ACTIVITY:
Copy all records exactly; omit pictures.

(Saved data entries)

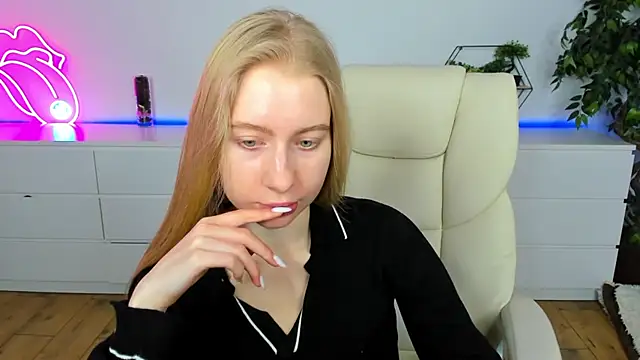 Alina Blonde online show from 02/08/26, 06:39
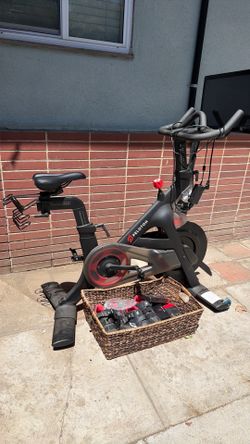 Peloton exercise bike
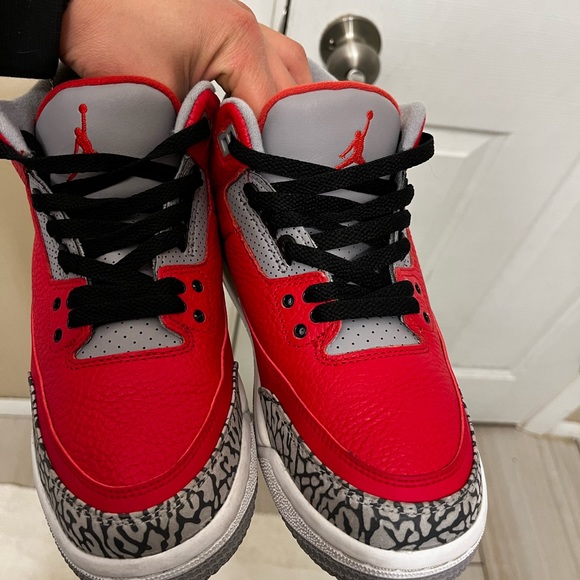 Jordan 3 red cement - Picture 2 of 3
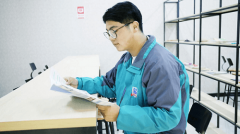 李華：不要抱怨生活的苦，那是去看世界的路！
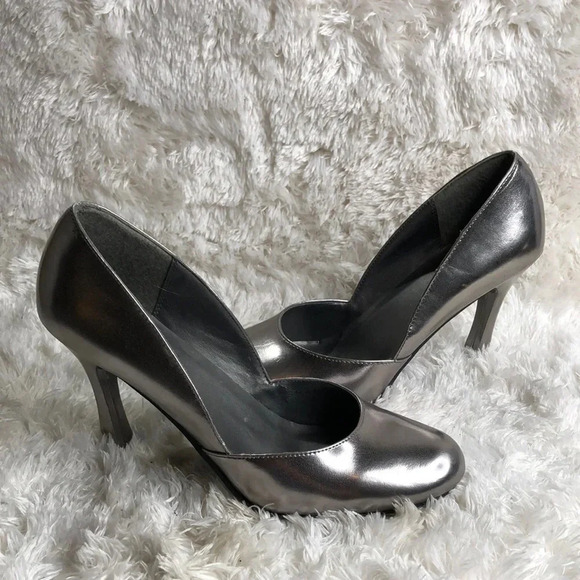 🌸NEW🌸 NEWPORT NEWS Pewter Heels - Picture 1 of 7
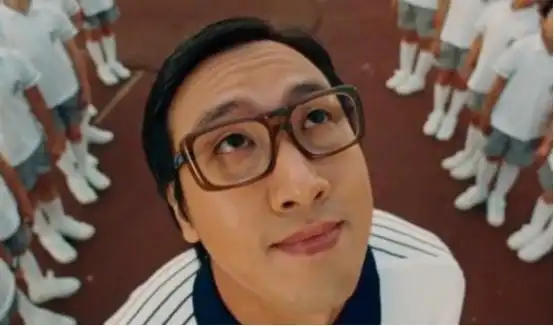 《功夫》里的眼镜男直言:星爷把我捧红,却让我在电影里欺负他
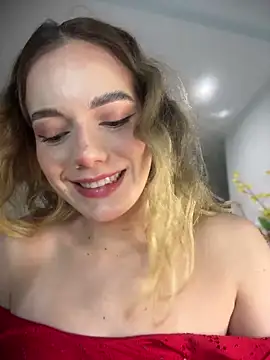 Snapshot of NicoleCut chatting on June 2, 10:17 am NicoleCut online show from June 2, 10:17 am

REPLY:
 Alina Blonde online show from 02/08/26, 06:39
 Peloton exercise bike
 Jordan 3 red cement - Picture 2 of 3
 李華：不要抱怨生活的苦，那是去看世界的路！
 🌸NEW🌸 NEWPORT NEWS Pewter Heels - Picture 1 of 7
 《功夫》里的眼镜男直言:星爷把我捧红,却让我在电影里欺负他
 Snapshot of NicoleCut chatting on June 2, 10:17 am NicoleCut online show from June 2, 10:17 am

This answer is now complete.